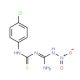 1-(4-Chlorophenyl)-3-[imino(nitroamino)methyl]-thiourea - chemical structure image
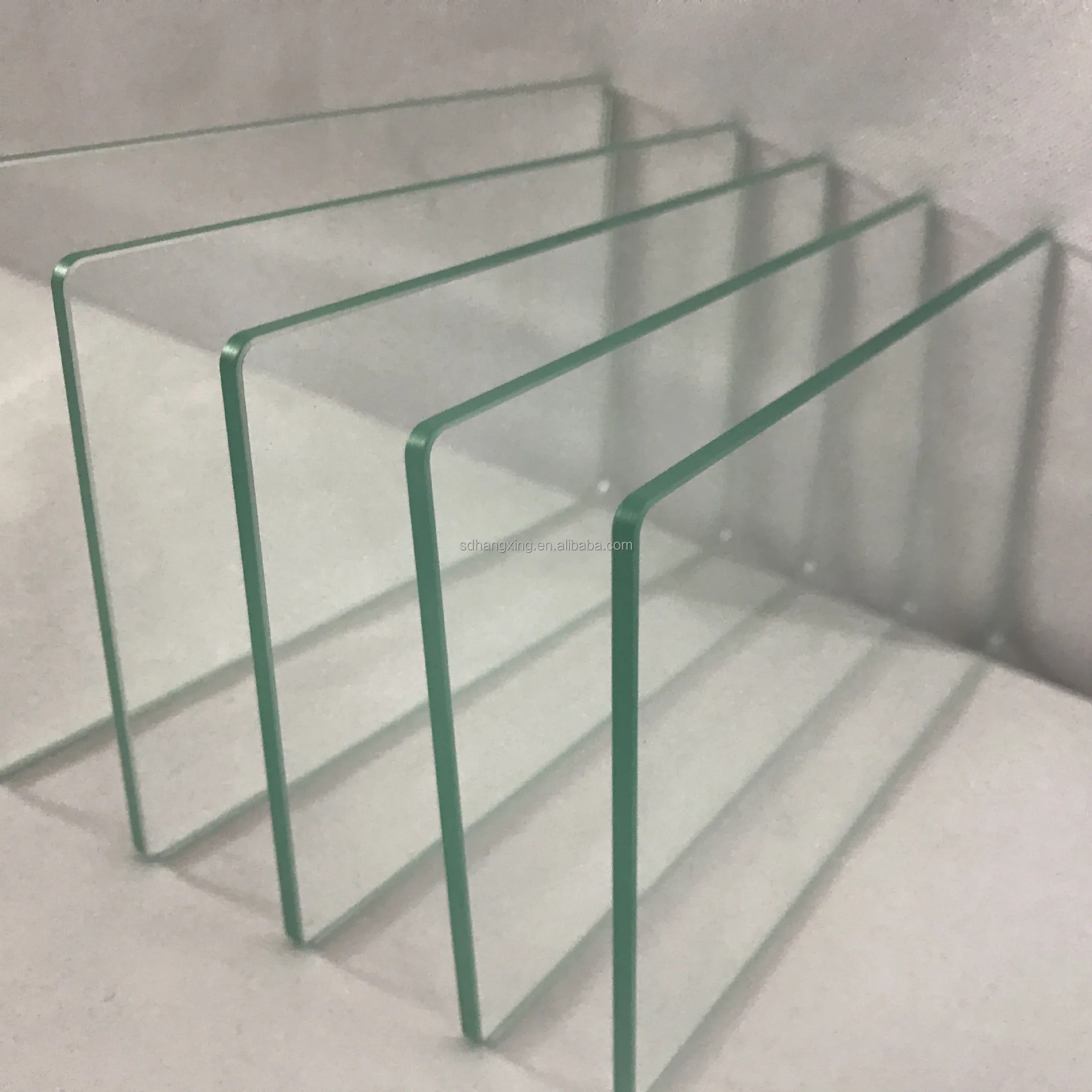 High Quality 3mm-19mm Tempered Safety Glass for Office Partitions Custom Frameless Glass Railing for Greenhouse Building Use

---

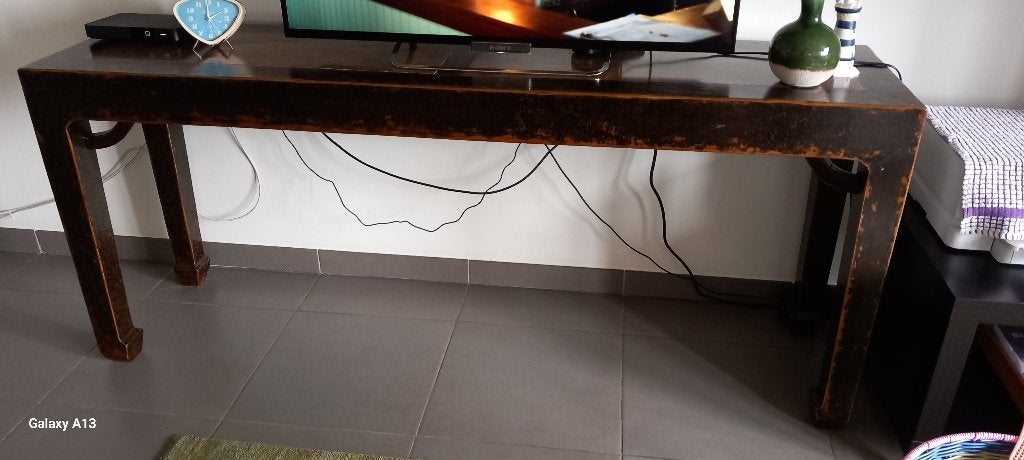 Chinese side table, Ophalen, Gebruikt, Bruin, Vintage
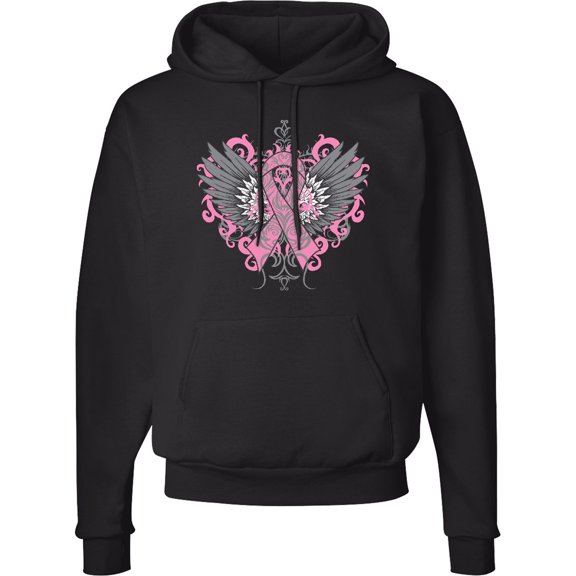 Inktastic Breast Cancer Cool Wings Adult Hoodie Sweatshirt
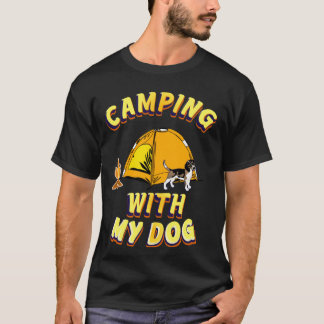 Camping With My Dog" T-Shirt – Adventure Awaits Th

==

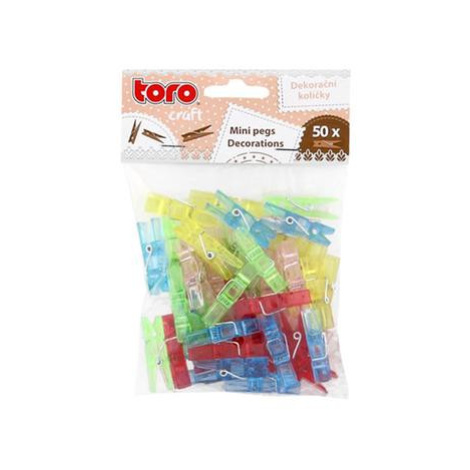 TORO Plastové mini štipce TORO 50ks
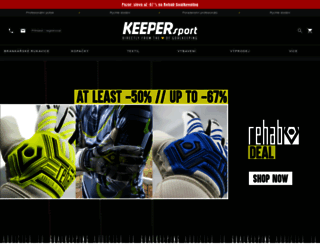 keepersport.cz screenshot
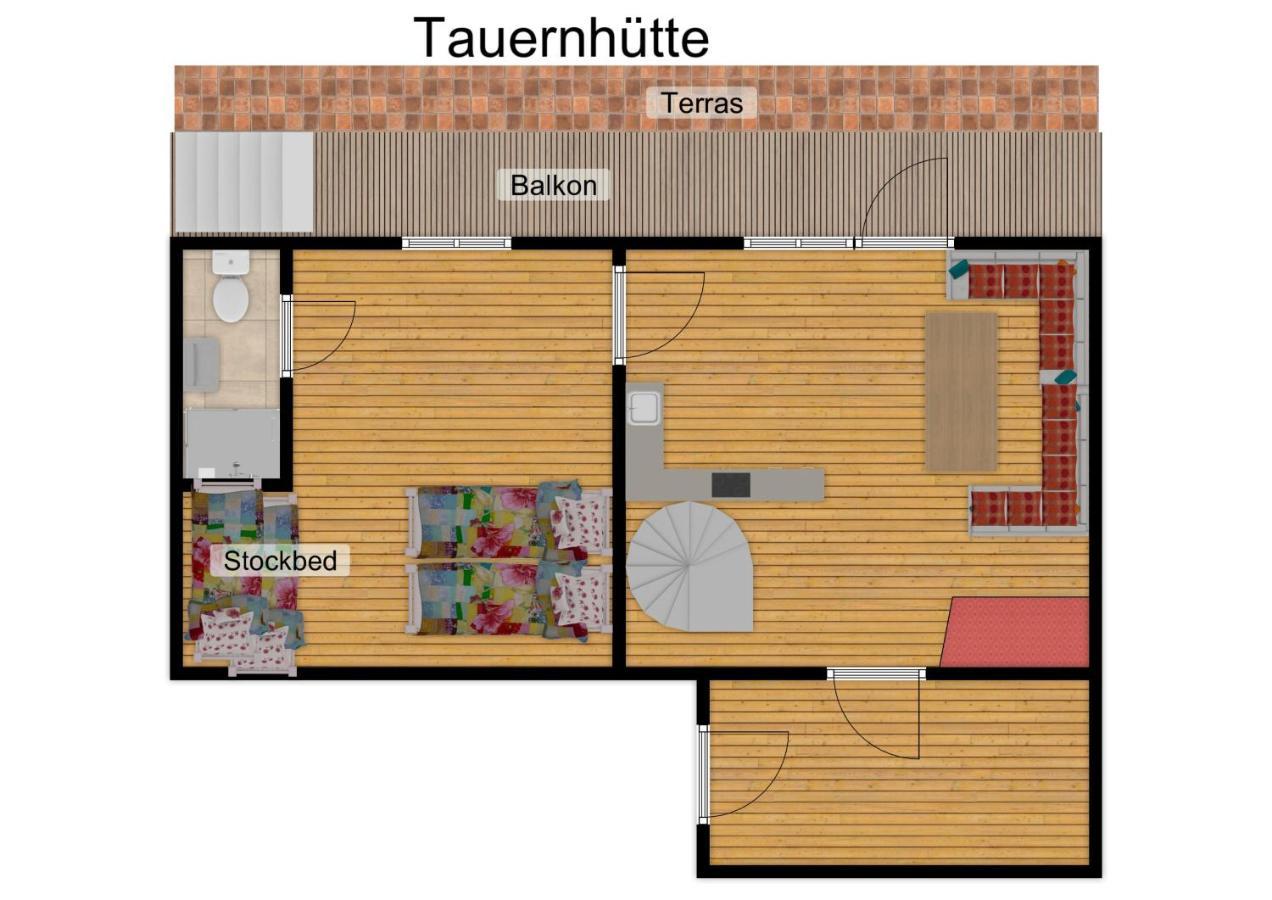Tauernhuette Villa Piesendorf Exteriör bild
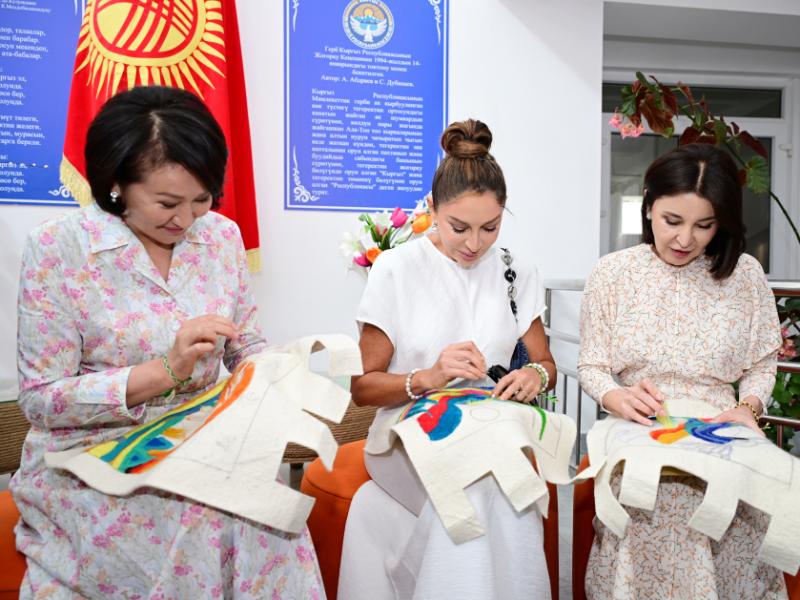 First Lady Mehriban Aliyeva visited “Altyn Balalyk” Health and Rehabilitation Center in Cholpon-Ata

# HOW TO COMPLETE THIS TASK:
After locating the line containing "chemical structure image" in the entries above, return it and every line after it exactly, ending at the line containing "High Quality 3mm-19mm", without pictures.

# WRITTEN SOLUTION:
 1-(4-Chlorophenyl)-3-[imino(nitroamino)methyl]-thiourea - chemical structure image
 High Quality 3mm-19mm Tempered Safety Glass for Office Partitions Custom Frameless Glass Railing for Greenhouse Building Use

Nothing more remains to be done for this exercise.